Tencent is up today despite merger block by officials. China’s market regulator announced that it will block Tencent Holdings Ltd’s intentions to merge the two biggest videogame streamers. The company planned to merge Huya and DouYu, and this comes as an anti-trust matter.
Tencent decided to make this plan public knowledge last year in a merger designed to make its stakes smoother in the firms. These two companies are estimated by MobTech to have a portion of the market as big as 80%. The market is worth about $3 Billion and it shows no signs of slowing growth.
Tencent is Huya’s largest stock holder, owning an estimated 36.9%. Tencent also owns more than 1/3 of DouYu. Both companies are listed in the United States and are worth $5.3 billion in combined market value. The State Administration of Market Regulation announced the decision came down after an additional set of Tencent contractions on the merger itself.
SAMR said Huya and DouYu’s total market value in the video game live-streaming arena would be over 70% in the event of a merger. This would strengthen Tencent’s stranglehold on the market.
Huya and DouYu are ranked No. 1 and No. 2, respectively, as China’s most loved video game streaming platforms. Consumers use the sites to follow their favorite streamers and sports casters. Tencent remarked that it “will abide by the decision, comply with all regulatory requirements, operate in accordance with applicable laws and regulations, and fulfill our social responsibilities.”
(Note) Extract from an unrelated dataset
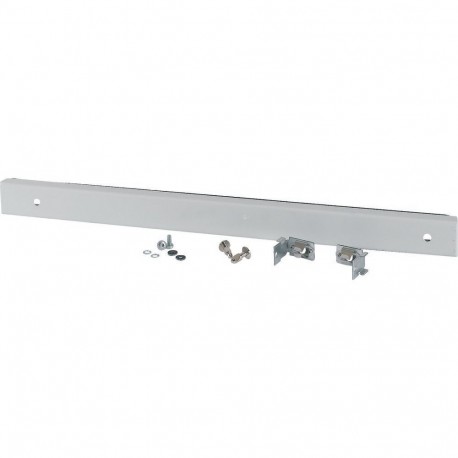 XRMC050 184687 Y7-184687 EATON ELECTRIC Accessory xEnergy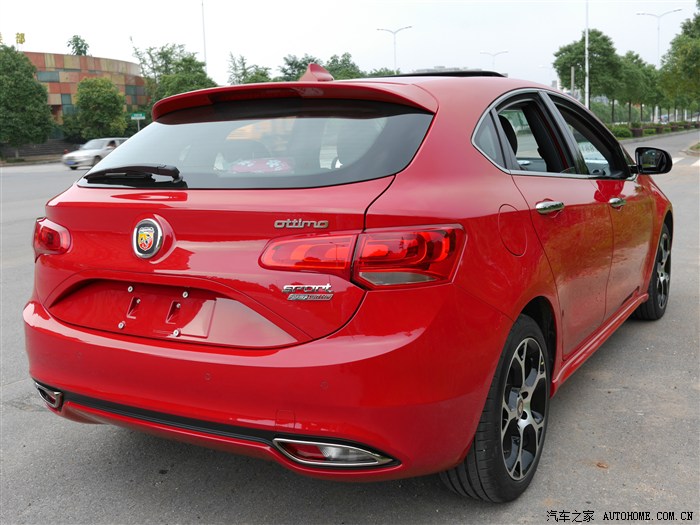 菲亚特致悦2014款拉花,致悦白色款改装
The halt of this agreement comes at the same time as an ongoing tense situation emerging from Chinese tech companies and the administration. Before the second half of the year the anti-monopoly regulator fined Alibaba a whopping $2.75 Billion. MetaNews continues to monitor evolving regulations ion the Asia Pacific tech markets. Tencent is up today despite merger block by officials. China’s market continues to suffer from regulation increase.